YOUR INSTRUCTIONS: In the listing below, the answer starts at the line that has "True bantam black pekin pair - Image 1" and stops after the line that has "Camping Tarifa —"; please repeat that part exactly and nothing more.

RECORDED DATA:
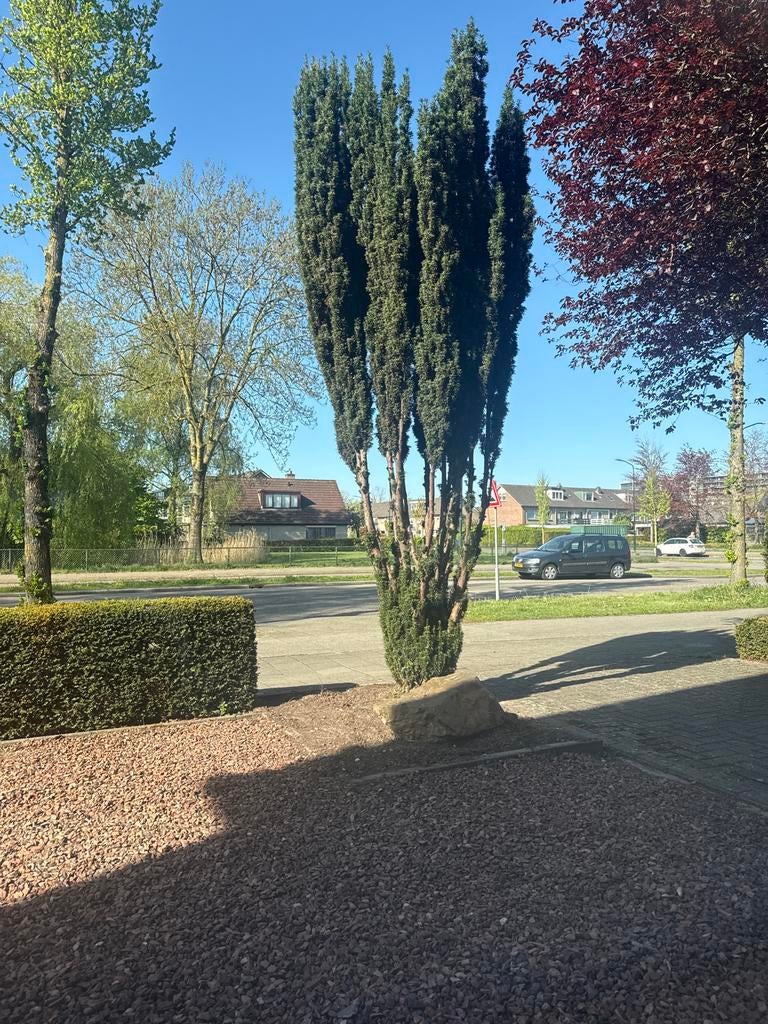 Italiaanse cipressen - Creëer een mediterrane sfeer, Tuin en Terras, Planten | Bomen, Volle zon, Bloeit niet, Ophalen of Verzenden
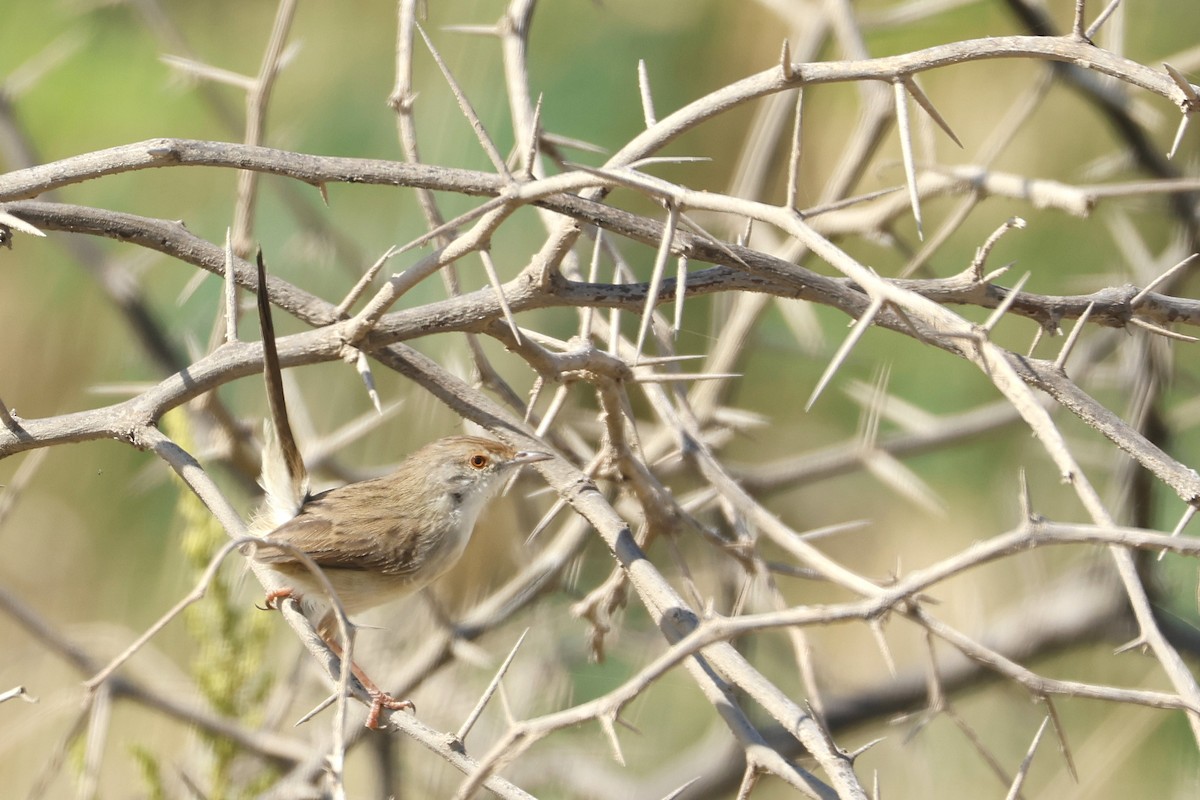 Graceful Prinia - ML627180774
--
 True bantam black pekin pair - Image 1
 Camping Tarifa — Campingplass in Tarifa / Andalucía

RESPONSE AREA:
 True bantam black pekin pair - Image 1
 Camping Tarifa — Campingplass in Tarifa / Andalucía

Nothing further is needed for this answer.